Posted: October 20, 2015
The contestants modeled at the 2015 evening fashion show for all State Days participants.
Congratulations to the Honor Group, from left to right: Joanna Wagner (Montgomery); Kyra Rotz (Franklin); Diana Sarnicke (Washington); Morgan Narducci (Montgomery); Christina Williams (Bucks); Erin Schaffer (Tioga, 3rd place); Natalie Sensenig (Lancaster, 2nd place);Morgan Melton (Lancaster); Katie Kreider (Lebanon, 1st place); Laura Sensenig (Lancaster); Brooke Hostetter (Lancaster); Ellie Hostetter (Lancaster).
Tips from Fashion Revue Judges and Participants
- We asked State Fashion Revue participants about their preparation for Fashion Revue competition. Most reported that their leader did not prepare them. They learned from other members who had been in Fashion Revue before. Most reported that they learned modeling tips from the workshops at their Regional Fashion Revue.
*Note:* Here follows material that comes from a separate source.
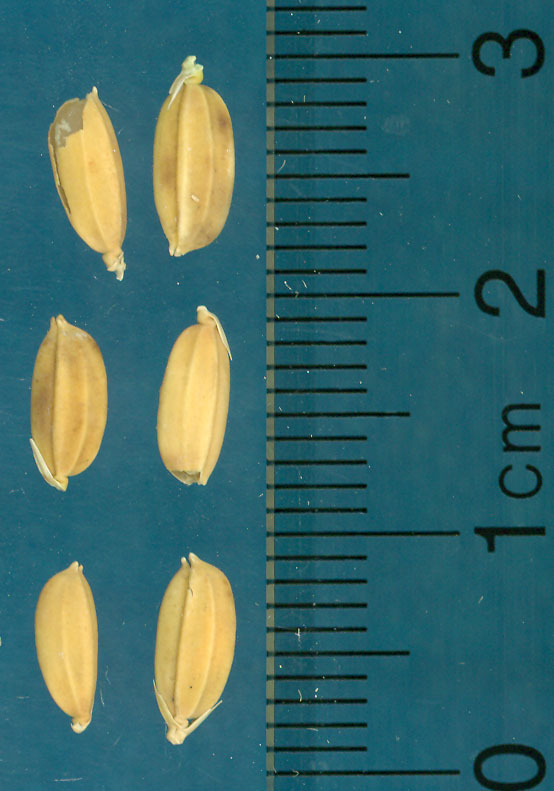 Click for 2 image(s) for this accession. KERNELS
- Several participants reported that their leader had worked with them on interview skills, modeling skills, and making sure that they knew the correct terms for the skills that they had learned while making their ensemble. A Fashion Revue leaflet is available from your Extension Office to help you help them.
- Several judges reported that members need to do a better job of removing bulk in seams, collars, and cuffs. Trimming and grading are important skills.
- One judge commented it was good to see members using up-to-date skills such as using a double needle for hems in knits.
- One judge was concerned that youth who made simple outfits should be guided to use fashion fabric, rather than quilting cotton. She mentioned that members should be encouraged to buy fabric on-line, if fashion fabrics are not available locally.
- Good pressing is very important to a successful outfit.
- Several judges were concerned that youth tackled projects that were too far beyond their skill level. We want to give youth a successful experience. A good guideline is to build on the skills the child already has by adding only one or two new elements such as a different fabric, or a lining, or a zipper, or a collar, or sleeves. Trying to learn too many new skills will result in frustration and a less-than-quality finished product. See “Progression of Skills”.